Pero el lado abnegado de Rollins hacía que se crucificara por haber decidido asumir tanto protagonismo. En su diario, letras y conciertos, Rollins se flagelaba por ser un ogro, y entonces se jactaba de ser un ogro de modo que se pudiera flagelar un poco más. Paseándose por el escenario con esos pantaloncitos negros y el pelo a lo Jim Morrison, Rollins exhibía un narcisismo disfrazado de odio hacia sí mismo (¿o era al revés?). En lugar de atacar a los demás, se atacaba a sí mismo.
Los que le rodeaban empezaron a notar un cambio en la personalidad de Rollins hacia 1984, cuando cada vez se hacía más difícil tratar con él: un personaje aislado y malévolo directamente salido de una novela de Dostoyevski.
—Llegó un momento en el que, simplemente, cambió —recuerda Spot— y ya no era el tipo amigable a quien yo tenía por mi amigo, sino alguien que parecía creer que era obligatorio mostrarse hostil con todo el mundo. Y yo no tenía tiempo para eso.
—Vi que el comportamiento de Henry era cada vez más extremo —afir-ma Ginn—, y que él detestaba a todos los del grupo, diciendo cosas feas de ellos encima del escenario, haciendo comentarios despectivos sobre ellos.
—Preguntad a muchos de los miembros por qué se fueron —replica Rollins—. Dirán dos palabras. La primera será «Greg». La segunda, «Ginn».
Rollins se había convertido en un individuo ciertamente intimidante, sobre todo con la prensa musical convencional. «Si te acercas a él, realmente da miedo», escribió Michael Goldberg, periodista de Rolling Stone. «Unos ojos que te perforan. El pelo, una melena enredada que le cae por la espalda más allá de los hombros. Ropa andrajosa y rasgada. Muchos tatuajes: calaveras y serpientes, demonios, una araña, un murciélago.

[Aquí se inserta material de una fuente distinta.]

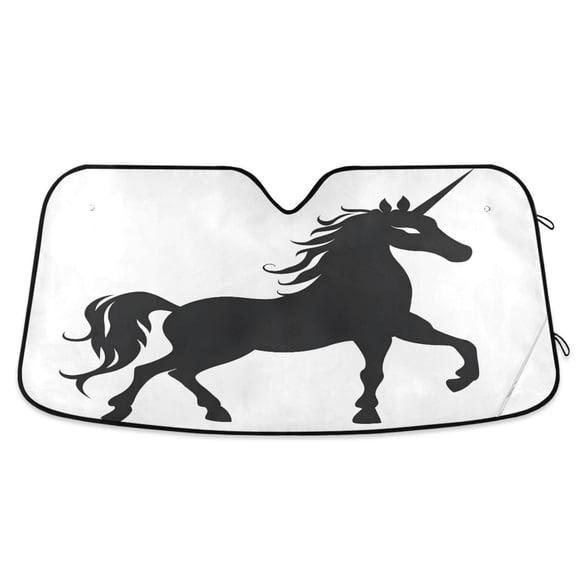 ALAZA Unicorn Silhouette Windshield Sun Shade Car Foldable Visor Block UV Rays Protector 57"x31.5"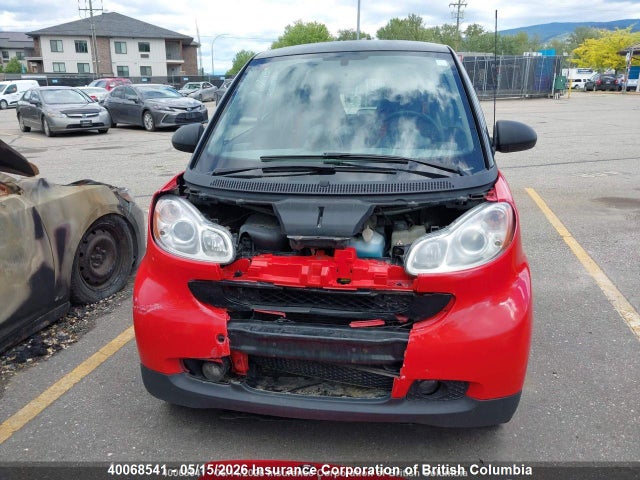 40068541 :رقم المزاد ، WMEEJ3BA3AK384227 vin ، 2010 Smart Fortwo Pure/passion مزاد بيع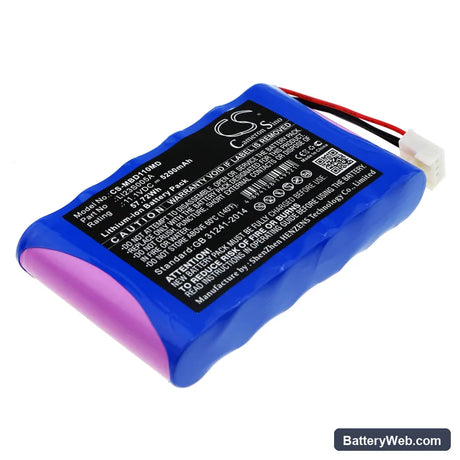Mindray Umec10 Replacement Battery, 11.1V, 5200mAh, Li-ion 1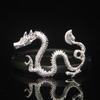 Colgante Doble Dragón de Material de Aleación DIY Accesorios de Joyería Tocado Nupcial Estilo Antiguo Hecho a Mano Accesorios para el Cabello Materiales para Accesorios de Horquilla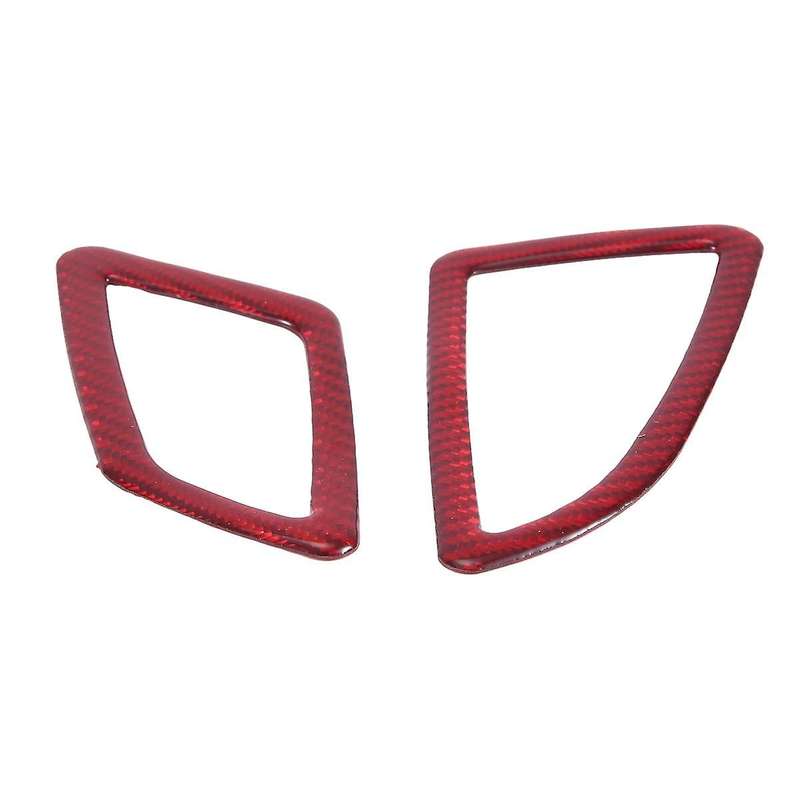 ABS Red Carbon Fiber Side Dashboard Cover Trim Decor Sticker for 10Th Gen 2016 2017 2018 2019(RHD)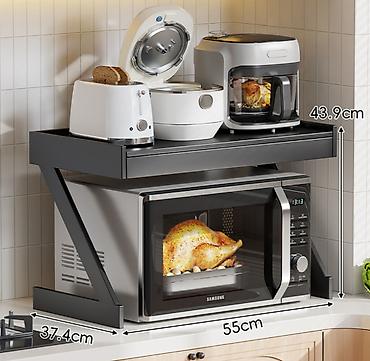полка на микроволновку: Этажерка для кухни, Новый, Железо, Самовывоз, Платная доставка — 1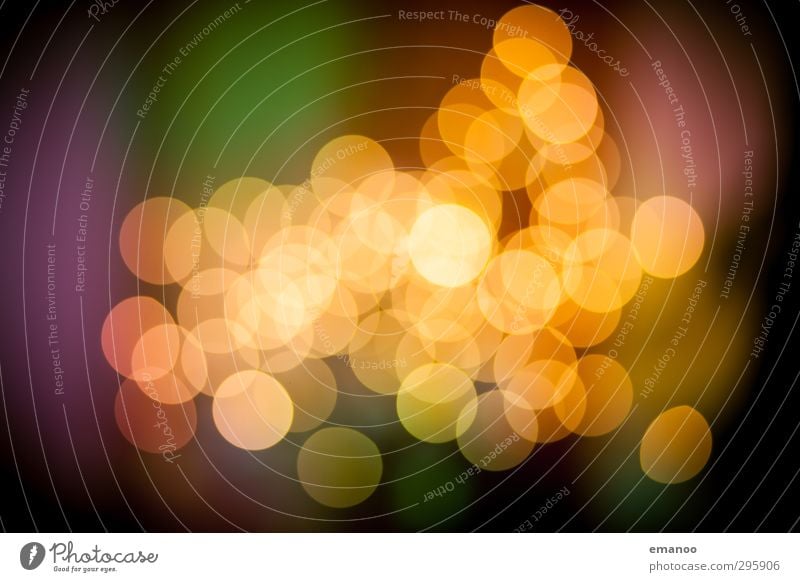 bokeh Art Event Shows Sign Sphere Bright Warmth Yellow Design Blur Light Light (Natural Phenomenon) Christmas & Advent Christmas fairy lights Round Circle Soft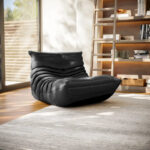 Furgle Microfiber Leather Sofa Ergonomic Design Lazy Sofa Floor Sofa - Image 41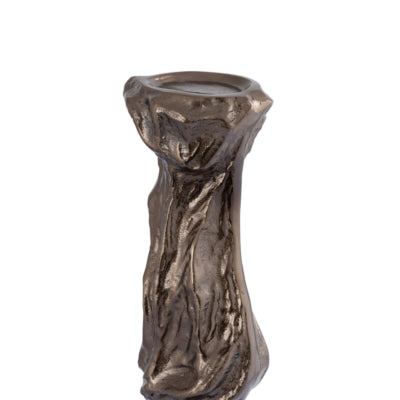 Ptmd Kerzenhalter Fleur Aluminium bronzefarben S 62 cm | 2 Stk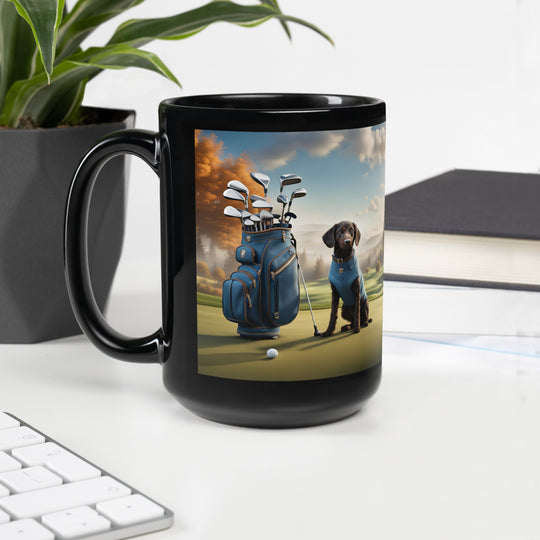 Springador Golfer- Black Glossy Mug v3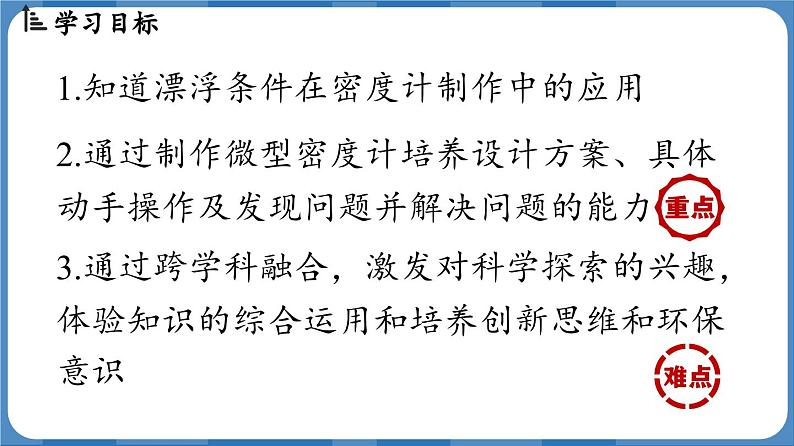 10.4 跨学科实践：制作微型密度计  （课件）-2024-2025学年人教版（2024）物理八年级下册第3页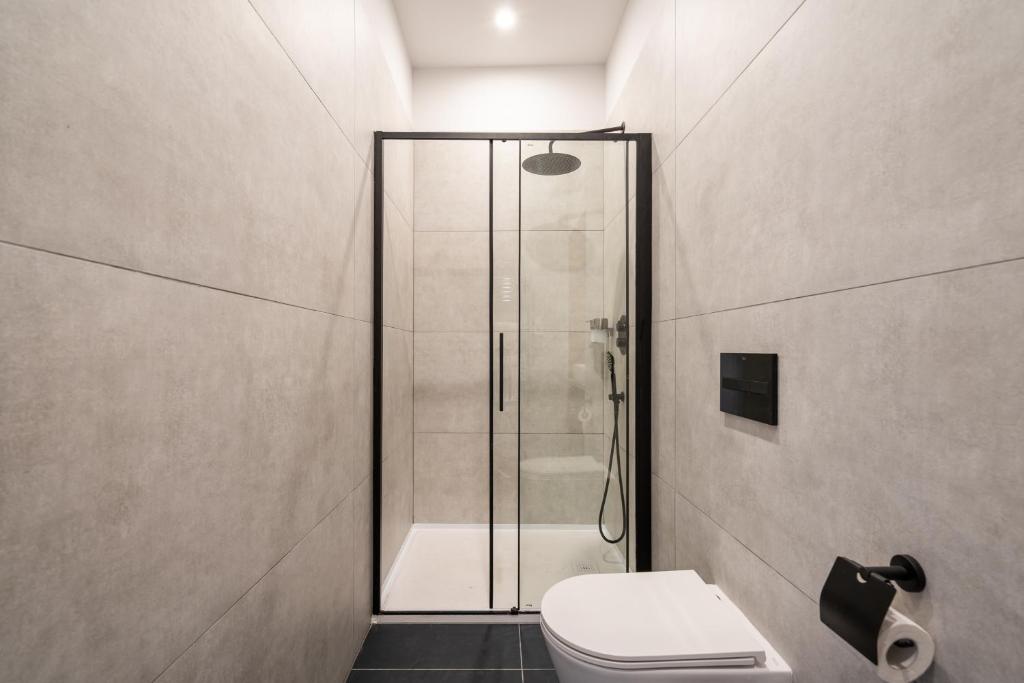 Koupelna v ubytování Váci Loft Suites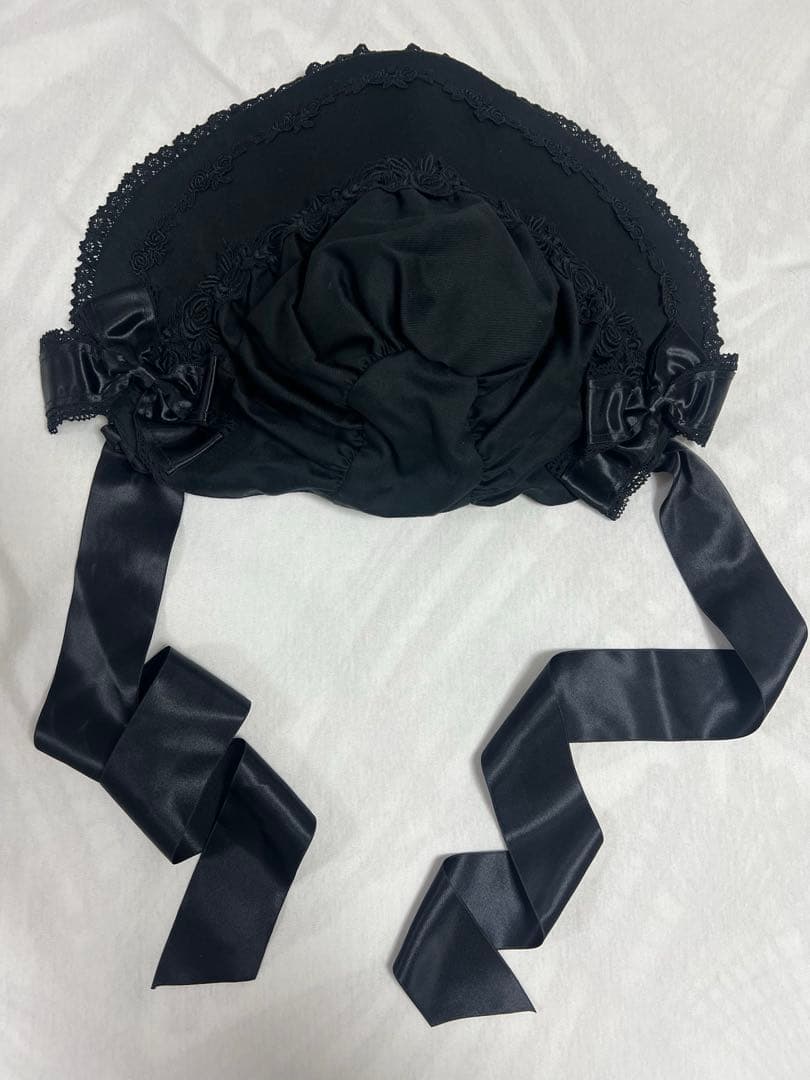 Innocent Worldフルボンネット♡黒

Y grabada en la parte superior de la espalda, con letras de tres centímetros, la filosofía de vida de Henry Rollins: SEARCH AND DESTROY16.»
Tristemente, tal y como ocurre con tantos hijos del abuso, el masoquismo era una parte esencial de la psique de Rollins: «Espero que me den una paliza pronto», escribió Rollins en una de las primeras giras. «Necesito el dolor para actuar. Necesito actuar como si me fuera la vida en ello o no vale la pena.» Antes de un concierto en un pueblecito del Norte de California, Rollins encontró un trozo de vaso roto y se rasgó el pecho con él. «Empezó a brotar sangre por todos lados», escribió. «Experimentar puro dolor me hizo sentir bien. Me ayudó a ver las cosas con perspectiva.» Incluso la antipatía que Ginn sentía por él se convirtió en una especie de prueba de dureza viril, una validación retorcida de la determinación de Rollins.
En 1984, durante la gira, Rollins prefería comer separado del resto del grupo. «Es imposible que me siente a oír toda esa conversación si no tengo por qué hacerlo», explicó en su diario de gira. Posteriormente, en lugar de viajar en la furgoneta del grupo, prefería la parte de atrás de la camioneta del equipo, donde permanecía totalmente a oscuras durante horas, al lado de los altavoces y los amplificadores.
Como cabía esperar, empezaron a surgir tensiones entre Rollins y el resto del grupo. La primera vez que Rollins lo percibió fue en la primavera de 1984, durante una gira por Europa. «Bill y Kira son difíciles de soportar», escribió Rollins en su diario. «Me la suda. Son como son.» Por lo visto, Rollins no afrontaba directamente los problemas con sus compañeros de grupo y, en su lugar, prefería añadirlos al formidable arsenal de arcos y flechas que acosaban su alma atormentada.
Black Flag tocaban en todas las ciudades en las que eran bienvenidos, y en muchas otras también, con lo que dieron prácticamente doscientos conciertos en 1984.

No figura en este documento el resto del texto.